Anche Curtis «50 Cent» Jackson, ultimamente più attore che rapper, ha fatto sentire la sua voce contro Joe Biden. Dopo aver scoperto che il democratico aveva nel programma l’aumento delle tasse ai ricchi ha scritto sui social: «Che cazzo! Io non ci sto. Votate per Trump. Non importa se non gli piacciono i neri». «Non voglio diventare 20cent», ha aggiunto. Travolto dalle polemiche, 50 Cent ha in parte ritrattato, ma ha messo in chiaro che il fascino dei repubblicani per alcune star nere è più legato al fisco che all’interesse per i problemi della comunità. È esattamente quello che pensa anche Lil Pump, artista di origini colombiane della Florida noto per la hit Gucci Gang, che a ottobre ha invitato tutti a votare il presidente in carica contro il piano fiscale di Biden. Altri artisti dell’universo hip hop che hanno dimostrato apprezzamento per The Donald sono stati BlocBoy JB e il newyorkese Fivio Foreign. Prima però di dire che il mondo del rap ha tradito la causa della giustizia sociale vale la pena ricordare come tanti artisti abbiano scelto di stare da un’altra parte. È il caso di Lil Baby, uno dei nomi oggi più in voga, che con la sua The Bigger Picture a sostegno del movimento Black Lives Matter dice delle elezioni: «Dobbiamo partire da qualche parte. Potremmo partire da qui». Oppure degli artisti che hanno partecipato alla compilation Reprise, prodotta dalla Roc Nation di Jay-Z, che raccoglie 11 canzoni di protesta.

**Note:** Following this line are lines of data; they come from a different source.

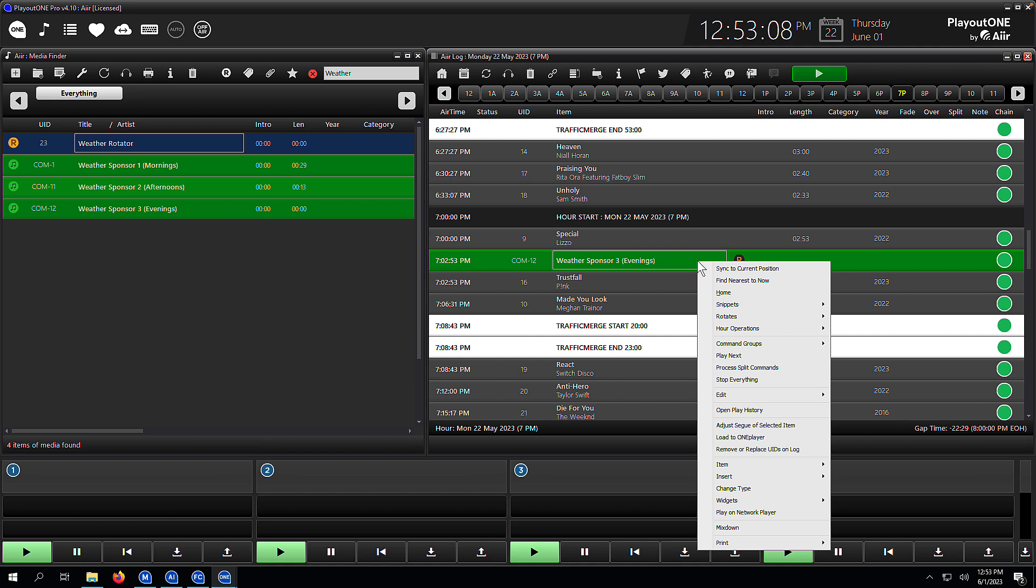Why you would want to unresolve a rotate? Well, let's say you've just made a change to your rotator. We've just added some new sponsors in and we want those to be on the air immediately. But the rotators for the next couple of hours or next couple of days have already been resolved. Well, what we can do is we can unresolve rotates and then resolve them again. And what that's going to do is pick up the changes that you've made.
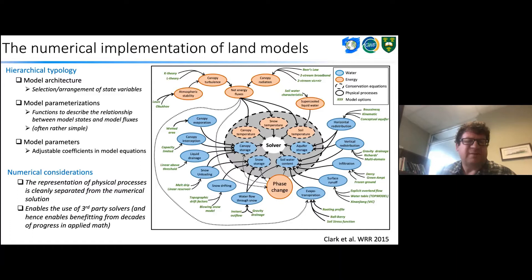This has been part of SUMMA since it was published a long time ago. But it wasn't until I moved to the University of Saskatchewan that we had an opportunity to collaborate with Ray's group and begin to address some of these numerical issues in land models more effectively.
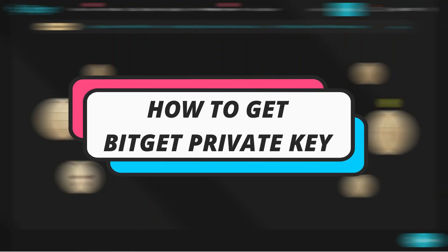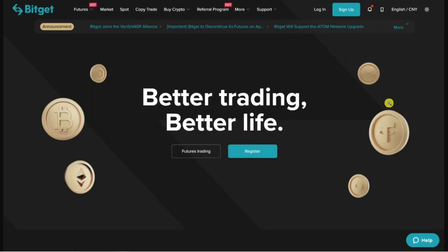In this video I will show you how to get a BitGet private key. So let's jump straight into it. In order to do this you can either do this on a PC by coming across to BitGet and logging into your account, or alternatively you can do this if you have the BitGet app on your iPhone or Android device.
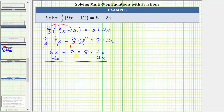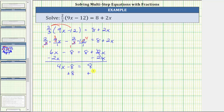Simplifying: 6x minus 2x is 4x, so the left side simplifies to 4x minus 8. On the right side, 2x minus 2x is zero, which is why we subtracted 2x on both sides. The right side is now just 8. We still need to isolate the variable term and collect the constants on the right side, so the next step is to undo minus 8 by adding 8 to both sides. On the left, negative 8 plus 8 is zero. On the right, 8 plus 8 is 16.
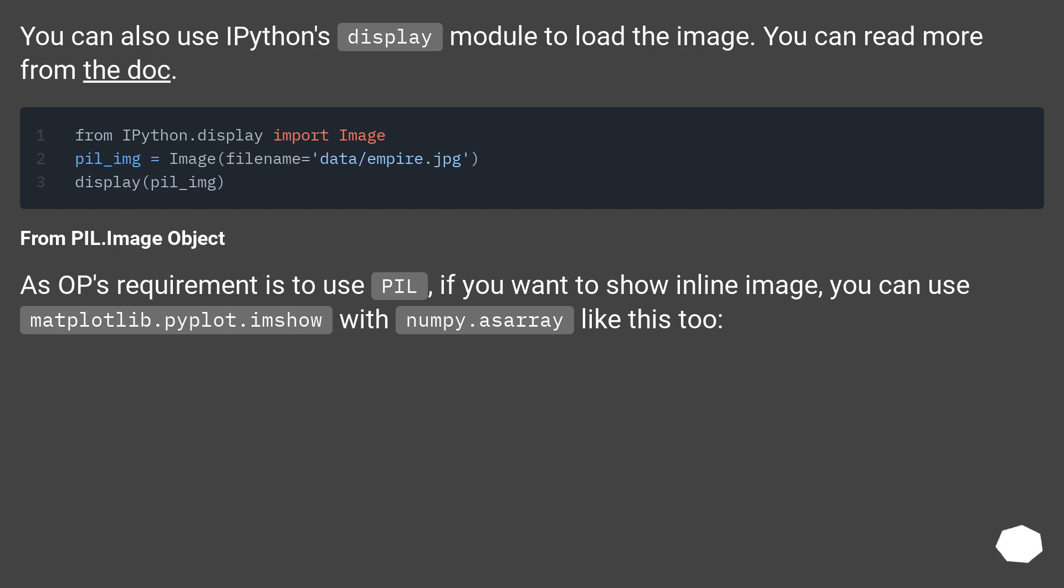From PIL image object: As OP's requirement is to use PIL, if you want to show inline image, you can use matplotlib.pyplot.imshow with numpy.asarray like this too.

Il 2020 ha visto anche il ritorno discografico di alcuni tra i rapper più impegnati: le leggende hip hop Public Enemy e Paris che già nel ’92 scandalizzò con un brano in cui si rappresentava come il killer del presidente George H.W. Bush. Ma più che le rime e i campionamenti nel 2020 parlano i numeri. Il divario tra bianchi e neri negli Usa è a livelli di allarme sociale. La famiglia media bianca è di 11,5 volte più ricca della famiglia media afroamericana. Solo il 40% dei neri ha una casa di proprietà, il dato più basso tra tutti i gruppi etnici. Nel 2020 più di 140 afroamericani sono stati uccisi durante operazioni di polizia.
I neri sono anche la categoria in proporzione più rappresentata tra la popolazione carceraria. Questo sistema non è stato creato certo da Donald Trump e non verrà cambiato da una sola tornata elettorale.